Именно свои неудачи на политической, а не научной арене удручают социологов, вспоминающих свою работу в советский период: «Самыми удивительными кажутся упреки, которые социологи адресуют сами себе, поскольку ни один из этих упреков напрямую не связан с деятельностью ученого. Почему профессиональный долг социолога – быть “в авангарде общественной жизни”? Такой упрек может быть адресован любому человеку, вне зависимости от его профессии, поскольку обращен к человеку как гражданину. Почему социология должна была сыграть роль “эмоционального заменителя”, который скрепляет общество? Эта роль обычно приписывается идеологии или религии…
Советский социолог “работал” вне академического поля. Его аудитория – общество в целом: власть, которой он должен был давать рекомендации и советы (и с которой, если она к ним не прислушивалась, должен бороться), и народ, который он должен был просвещать. Такое представление о профессиональной деятельности объясняет и тематику исследований в семидесятые годы – “то, что противодействовало официальной линии, вызывало живой исследовательский интерес” [Лапин, 2008]… Подтверждением статуса ученого для советского социолога была его общественная (а не академическая) репутация. Вернее, общественная репутация и была для него репутацией академической. Критерием социологического исследования выступало не получение нового знания или создание новой теории, а возможность при помощи полученных данных изменить общество» [26].
В предисловии к материалам симпозиума «Российская социологическая традиция шестидесятых годов и современность» (1994) В.А. Ядов и Р. Гратхофф пишут: «Уникальность советской социологии заключается прежде всего в том, что, будучи включена в процесс воспроизводства базовых идеологических и политических ценностей советского общества, она стала важным фактором его реформирования и в конечном счете революционного преобразования» [26].
В своих размышлениях о развитии социологии в 2012 г. директор Института социологии РАН академик М.К. Горшков сформулировал такую аксиому: «Социологическая наука не может быть ни апологетической, ни оппозиционной: она призвана в ответ на оценки, полученные вне науки, давать научно обоснованную картину существующей реальности».
Да, именно это – принцип научного метода. Но затем он противоречит своей собственной аксиоме: «Оценивая происходившее в 60—80-е годы прошлого столетия, приходится констатировать, что апологетическая роль социологии того периода поддерживалась и одобрялась властными структурами, а научно обоснованная критика того или иного выдвинутого политического курса практически не принималась» [27].

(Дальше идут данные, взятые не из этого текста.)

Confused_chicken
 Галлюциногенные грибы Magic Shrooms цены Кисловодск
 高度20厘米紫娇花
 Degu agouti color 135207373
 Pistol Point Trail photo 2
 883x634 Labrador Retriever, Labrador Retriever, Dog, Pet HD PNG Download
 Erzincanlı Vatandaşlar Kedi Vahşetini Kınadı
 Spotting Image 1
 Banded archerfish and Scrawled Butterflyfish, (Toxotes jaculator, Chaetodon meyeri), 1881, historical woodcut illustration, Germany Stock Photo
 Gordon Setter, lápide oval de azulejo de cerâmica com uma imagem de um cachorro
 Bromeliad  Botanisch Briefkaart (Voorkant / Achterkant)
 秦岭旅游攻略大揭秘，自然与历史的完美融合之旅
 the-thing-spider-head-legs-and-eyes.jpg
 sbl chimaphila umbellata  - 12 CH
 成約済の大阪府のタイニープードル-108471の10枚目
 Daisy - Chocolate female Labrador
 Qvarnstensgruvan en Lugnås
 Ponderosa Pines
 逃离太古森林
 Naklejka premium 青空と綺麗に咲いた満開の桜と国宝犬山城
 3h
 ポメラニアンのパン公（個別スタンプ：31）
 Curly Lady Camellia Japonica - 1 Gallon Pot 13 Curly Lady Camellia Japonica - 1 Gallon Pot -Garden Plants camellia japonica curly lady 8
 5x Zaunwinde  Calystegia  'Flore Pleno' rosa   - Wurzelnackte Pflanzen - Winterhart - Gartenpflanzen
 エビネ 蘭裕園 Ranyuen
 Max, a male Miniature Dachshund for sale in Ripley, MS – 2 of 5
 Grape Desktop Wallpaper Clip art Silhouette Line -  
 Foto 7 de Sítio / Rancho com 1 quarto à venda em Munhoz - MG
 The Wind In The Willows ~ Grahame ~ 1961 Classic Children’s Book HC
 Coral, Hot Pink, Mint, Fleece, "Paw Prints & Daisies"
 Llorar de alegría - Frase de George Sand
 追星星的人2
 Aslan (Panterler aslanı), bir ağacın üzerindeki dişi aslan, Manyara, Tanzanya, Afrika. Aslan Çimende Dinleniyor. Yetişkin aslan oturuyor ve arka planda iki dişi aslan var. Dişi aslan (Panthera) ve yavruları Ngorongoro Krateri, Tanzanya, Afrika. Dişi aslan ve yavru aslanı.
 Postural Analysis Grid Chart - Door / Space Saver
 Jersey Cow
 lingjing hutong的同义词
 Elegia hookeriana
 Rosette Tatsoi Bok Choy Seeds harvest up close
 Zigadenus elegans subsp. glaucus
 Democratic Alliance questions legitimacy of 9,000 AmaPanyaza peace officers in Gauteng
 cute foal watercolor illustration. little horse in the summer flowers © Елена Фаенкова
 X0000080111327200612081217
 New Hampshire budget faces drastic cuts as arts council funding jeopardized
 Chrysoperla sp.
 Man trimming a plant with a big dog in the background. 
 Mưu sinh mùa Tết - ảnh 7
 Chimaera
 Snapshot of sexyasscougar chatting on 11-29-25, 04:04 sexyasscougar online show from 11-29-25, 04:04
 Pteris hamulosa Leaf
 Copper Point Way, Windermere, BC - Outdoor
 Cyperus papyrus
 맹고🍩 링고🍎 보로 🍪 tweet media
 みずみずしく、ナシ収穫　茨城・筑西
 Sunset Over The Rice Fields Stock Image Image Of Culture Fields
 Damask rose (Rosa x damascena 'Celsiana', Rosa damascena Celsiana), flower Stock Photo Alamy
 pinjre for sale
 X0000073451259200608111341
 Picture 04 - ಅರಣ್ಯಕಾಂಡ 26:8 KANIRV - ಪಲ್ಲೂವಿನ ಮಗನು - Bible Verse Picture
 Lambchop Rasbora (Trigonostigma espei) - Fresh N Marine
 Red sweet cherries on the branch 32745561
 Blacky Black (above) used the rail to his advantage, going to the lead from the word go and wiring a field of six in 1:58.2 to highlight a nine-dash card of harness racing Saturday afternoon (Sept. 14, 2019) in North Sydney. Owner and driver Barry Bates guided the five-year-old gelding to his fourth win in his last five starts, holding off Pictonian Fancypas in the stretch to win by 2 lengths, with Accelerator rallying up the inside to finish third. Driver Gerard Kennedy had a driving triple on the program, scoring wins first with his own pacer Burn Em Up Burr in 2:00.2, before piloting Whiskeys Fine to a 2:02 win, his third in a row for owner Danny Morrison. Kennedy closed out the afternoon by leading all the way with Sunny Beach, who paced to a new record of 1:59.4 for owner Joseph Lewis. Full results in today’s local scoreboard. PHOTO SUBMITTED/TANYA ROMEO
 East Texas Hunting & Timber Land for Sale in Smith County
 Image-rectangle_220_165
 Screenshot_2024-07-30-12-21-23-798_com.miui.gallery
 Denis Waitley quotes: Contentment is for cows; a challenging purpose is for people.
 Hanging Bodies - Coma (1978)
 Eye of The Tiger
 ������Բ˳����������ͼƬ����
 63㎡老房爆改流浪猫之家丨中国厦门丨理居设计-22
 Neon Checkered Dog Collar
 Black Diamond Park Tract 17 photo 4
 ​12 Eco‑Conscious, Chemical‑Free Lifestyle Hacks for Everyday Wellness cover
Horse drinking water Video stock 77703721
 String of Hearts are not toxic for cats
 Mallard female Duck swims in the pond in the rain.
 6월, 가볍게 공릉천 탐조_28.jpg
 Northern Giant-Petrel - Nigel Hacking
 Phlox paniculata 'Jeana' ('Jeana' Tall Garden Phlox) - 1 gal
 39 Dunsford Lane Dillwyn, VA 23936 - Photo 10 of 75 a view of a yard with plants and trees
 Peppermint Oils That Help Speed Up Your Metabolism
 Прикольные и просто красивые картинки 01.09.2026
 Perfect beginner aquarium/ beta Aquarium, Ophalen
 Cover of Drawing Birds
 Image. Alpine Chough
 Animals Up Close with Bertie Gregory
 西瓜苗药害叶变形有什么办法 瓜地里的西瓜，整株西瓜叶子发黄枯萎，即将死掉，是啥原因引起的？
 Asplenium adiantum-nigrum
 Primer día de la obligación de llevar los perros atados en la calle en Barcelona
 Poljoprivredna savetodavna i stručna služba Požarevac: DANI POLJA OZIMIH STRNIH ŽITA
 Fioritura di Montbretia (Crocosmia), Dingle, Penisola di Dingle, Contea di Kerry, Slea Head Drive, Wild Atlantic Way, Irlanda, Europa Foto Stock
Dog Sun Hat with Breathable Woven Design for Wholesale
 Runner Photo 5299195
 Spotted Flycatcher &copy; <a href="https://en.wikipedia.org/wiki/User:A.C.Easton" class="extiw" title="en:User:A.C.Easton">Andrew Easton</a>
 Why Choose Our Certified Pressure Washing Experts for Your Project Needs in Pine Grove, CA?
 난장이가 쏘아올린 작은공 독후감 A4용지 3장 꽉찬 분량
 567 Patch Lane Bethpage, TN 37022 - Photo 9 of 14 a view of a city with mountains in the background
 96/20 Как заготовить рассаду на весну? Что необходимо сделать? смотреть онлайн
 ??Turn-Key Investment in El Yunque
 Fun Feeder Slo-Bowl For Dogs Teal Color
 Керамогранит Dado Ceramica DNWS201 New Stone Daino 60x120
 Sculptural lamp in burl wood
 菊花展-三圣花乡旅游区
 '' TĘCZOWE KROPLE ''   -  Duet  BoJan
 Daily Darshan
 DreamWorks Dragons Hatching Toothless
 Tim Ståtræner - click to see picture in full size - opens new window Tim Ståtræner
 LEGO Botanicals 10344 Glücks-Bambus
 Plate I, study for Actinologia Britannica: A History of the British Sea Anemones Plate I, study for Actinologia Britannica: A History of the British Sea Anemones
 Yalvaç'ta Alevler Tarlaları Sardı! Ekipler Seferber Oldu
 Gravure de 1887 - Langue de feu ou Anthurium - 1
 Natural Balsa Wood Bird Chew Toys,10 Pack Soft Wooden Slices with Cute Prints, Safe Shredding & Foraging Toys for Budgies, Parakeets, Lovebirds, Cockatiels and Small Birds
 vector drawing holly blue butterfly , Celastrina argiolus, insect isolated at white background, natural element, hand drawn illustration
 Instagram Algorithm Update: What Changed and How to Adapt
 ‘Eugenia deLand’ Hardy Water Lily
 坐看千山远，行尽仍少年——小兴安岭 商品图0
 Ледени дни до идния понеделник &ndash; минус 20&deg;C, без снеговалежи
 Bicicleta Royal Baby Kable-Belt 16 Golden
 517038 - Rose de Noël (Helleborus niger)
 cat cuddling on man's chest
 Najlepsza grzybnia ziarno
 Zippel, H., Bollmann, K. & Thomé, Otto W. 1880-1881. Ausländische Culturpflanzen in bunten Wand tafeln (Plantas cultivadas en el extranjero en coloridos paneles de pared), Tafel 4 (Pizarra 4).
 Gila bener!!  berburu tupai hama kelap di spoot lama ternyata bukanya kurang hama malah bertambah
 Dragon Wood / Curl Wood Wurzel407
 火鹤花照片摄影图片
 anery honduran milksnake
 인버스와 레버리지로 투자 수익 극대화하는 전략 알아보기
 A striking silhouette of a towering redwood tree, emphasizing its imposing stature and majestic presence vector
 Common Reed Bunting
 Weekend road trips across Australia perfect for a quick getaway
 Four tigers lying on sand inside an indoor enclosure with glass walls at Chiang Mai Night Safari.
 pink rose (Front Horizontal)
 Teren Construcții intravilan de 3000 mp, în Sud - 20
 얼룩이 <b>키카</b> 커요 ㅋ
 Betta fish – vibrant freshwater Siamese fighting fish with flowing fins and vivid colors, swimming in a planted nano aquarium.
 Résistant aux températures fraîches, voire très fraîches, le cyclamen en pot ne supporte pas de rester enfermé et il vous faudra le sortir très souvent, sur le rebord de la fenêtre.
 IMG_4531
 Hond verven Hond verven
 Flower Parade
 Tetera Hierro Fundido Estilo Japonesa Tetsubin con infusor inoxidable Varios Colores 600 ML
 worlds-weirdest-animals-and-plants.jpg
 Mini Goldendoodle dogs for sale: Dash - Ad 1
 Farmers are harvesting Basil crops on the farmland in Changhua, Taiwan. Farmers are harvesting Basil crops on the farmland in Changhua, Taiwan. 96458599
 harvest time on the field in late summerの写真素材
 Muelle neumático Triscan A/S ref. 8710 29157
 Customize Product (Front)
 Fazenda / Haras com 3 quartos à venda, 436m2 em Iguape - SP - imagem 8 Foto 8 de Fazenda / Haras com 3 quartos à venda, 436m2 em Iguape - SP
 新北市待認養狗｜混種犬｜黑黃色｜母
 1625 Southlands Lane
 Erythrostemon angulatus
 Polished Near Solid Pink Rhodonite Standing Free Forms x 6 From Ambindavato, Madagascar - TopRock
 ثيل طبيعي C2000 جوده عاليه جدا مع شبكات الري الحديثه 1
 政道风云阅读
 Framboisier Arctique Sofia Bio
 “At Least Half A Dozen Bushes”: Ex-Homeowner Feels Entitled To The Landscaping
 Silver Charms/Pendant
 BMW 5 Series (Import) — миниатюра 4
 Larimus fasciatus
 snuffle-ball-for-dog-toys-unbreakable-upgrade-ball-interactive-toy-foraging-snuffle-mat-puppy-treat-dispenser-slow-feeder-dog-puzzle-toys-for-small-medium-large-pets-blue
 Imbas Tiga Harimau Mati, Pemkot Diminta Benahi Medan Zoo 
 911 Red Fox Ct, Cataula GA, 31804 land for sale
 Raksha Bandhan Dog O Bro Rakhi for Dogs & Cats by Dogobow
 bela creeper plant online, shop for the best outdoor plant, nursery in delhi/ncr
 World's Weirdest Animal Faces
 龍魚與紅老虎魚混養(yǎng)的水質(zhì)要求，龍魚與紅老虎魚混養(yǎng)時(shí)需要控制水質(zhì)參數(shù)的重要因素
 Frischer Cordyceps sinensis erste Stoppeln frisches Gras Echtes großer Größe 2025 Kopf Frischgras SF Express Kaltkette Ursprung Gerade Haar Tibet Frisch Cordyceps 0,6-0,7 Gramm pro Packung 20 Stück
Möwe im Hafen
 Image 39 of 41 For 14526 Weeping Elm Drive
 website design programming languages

Из двух его суждений и признаний видных социологов вытекает, что в советское время социология, которая сначала играла «апологетическую роль», а потом стала «общественным движением сопротивления системе», не была научной ни в том, ни в другом случае.
В свете этого противоречия сомнительной представляется следующая аксиома М.К. Горшкова: «Будучи наукой об обществе, социология неизбежно испытывает на себе влияние окружающей социальной среды, властных институтов. А это означает: какое общество, такая и власть, какая власть, такая и социология, ее роль в системе социального управления» [27].
Почему, «будучи наукой об обществе», социология неизбежно должна подчиняться капризам влиятельных групп общества?